Bugün dünya gelişmiş ve gelişmemiş, zengin ve fakir ayrımı yapmadan insan haklarına saygı göstermeli, özellikle de yaşanan trajedilere karşı tepkisiz kalmamalıdır.
Bu yazıda, Gazze Şeridi’ndeki insanların yaşadığı zorlu koşullara ve haksızlıklara dikkat çekmek istiyorum. Gazze Şeridi, yıllardır İsrail tarafından uygulanan abluka altında çaresizce sıkışıp kalmış durumda. İçinde bulundukları bu çaresizlik, yaklaşık 2 milyon sivilin yaşamını olumsuz etkiliyor.
İnsanlar temel ihtiyaçlardan yoksun, ekonomik olarak çıkmaza girmiş durumda ve bu çıkmaz, insan haklarına açık bir saldırıdır. Havadan düzenlenen saldırılar, hedef gözetmeksizin sivilleri hedef alıyor.
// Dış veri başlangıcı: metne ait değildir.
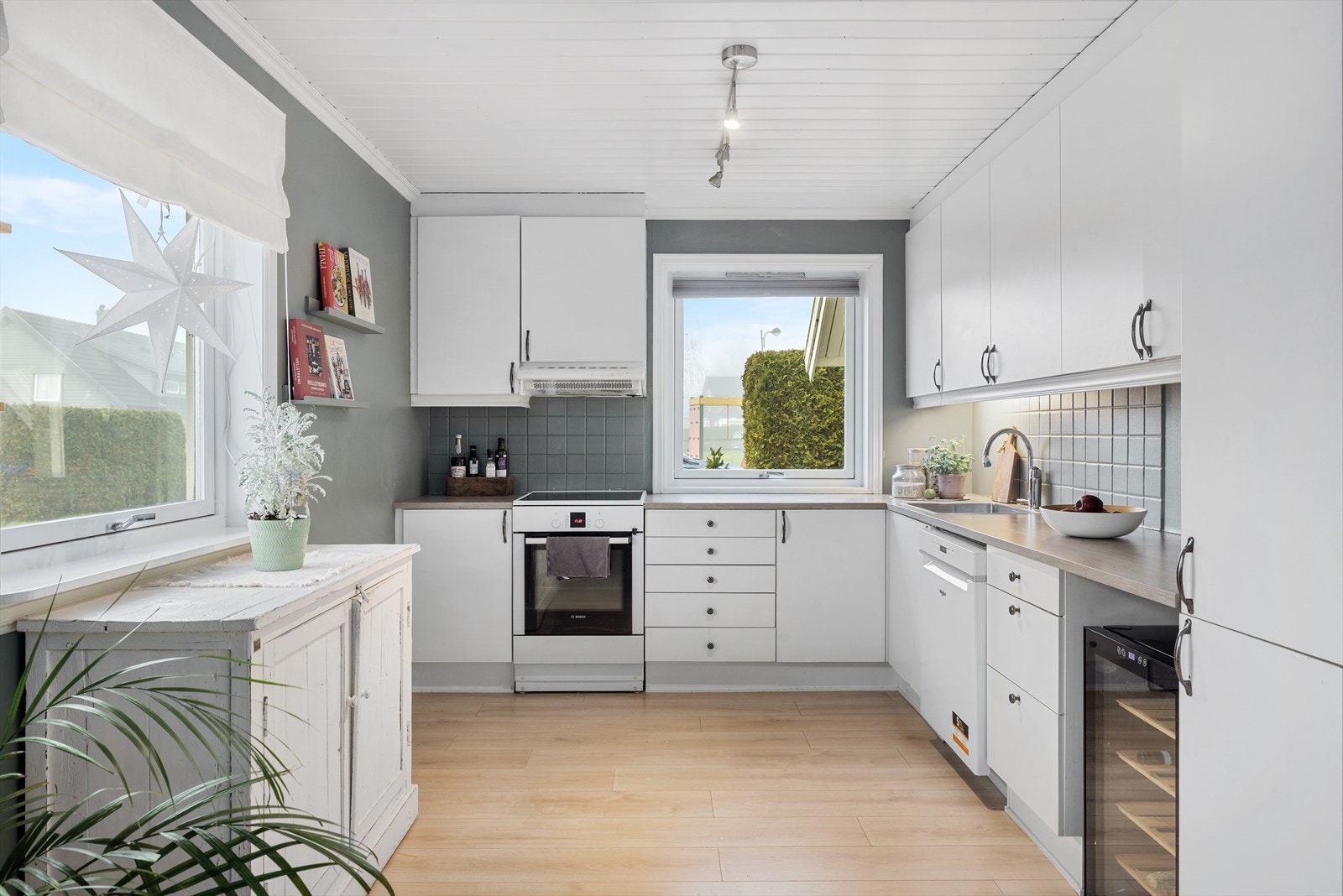 Kjøkkeninnredning med slette, hvite fronter på over- og underskap Galleribilde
En acısı ise, bu trajedinin en büyük kurbanları kadınlar ve çocuklar oluyor. Her gün, masum insanlar hayatlarını kaybediyor ve birçok çocuk anne ve babasız kalıyor. Bu trajedi, sadece insan hakları ihlallerine yol açmakla kalmıyor, aynı zamanda bölgeye barışın ne kadar uzak olduğu bir mesajı da veriyor. Birçok insan, neden dünya liderlerinin sessiz kaldığını sorguluyor. Bu sessizlik, dünya toplumunun çifte standartlarla işlediği hissini uyandırıyor.
Fransa’da sadece birkaç kişinin ölümü, dünya liderlerini Paris’te yürüyüş yapmaya çağırırken, Gazze’deki ölümler göz ardı ediliyor. Dünya, insanların ırk, din veya kökenlerine bakmaksızın eşit değerde olduğu bir yer olmalıdır. İnsan haklarına saygı, herkes için geçerli olmalıdır. Gazze’deki çocukların gözyaşları, Paris’teki veya başka bir yerdeki çocukların gözyaşları dan daha az değerli değildir. Dünya, bu sessizliği sona erdirmeli ve Gazze’deki trajediye karşı daha fazla insan hakları savunuculuğu yapmalıdır.
Barış ve adalete ulaşmanın yolu, insanların çıkarlarına, kökenlerine ve dinlerine bakmaksızın bir arada çalışmaktan geçer. Bir adım atmak, bu sessizliği sonlandırmanın ve dünyamızı daha iyi bir yer haline getirmenin başlangıcı olabilir. Filistin ve İsrail arasındaki çatışma sadece yerel bir sorun değil; uluslararası toplumun da etkili olduğu bir konu. Büyük devletler, bu soruna daha fazla müdahale etmelidir. Sessiz kalmak veya çatışmanın bir tarafla dayanışma içinde olmak, insan haklarına ve barışa verilen zararı artırır.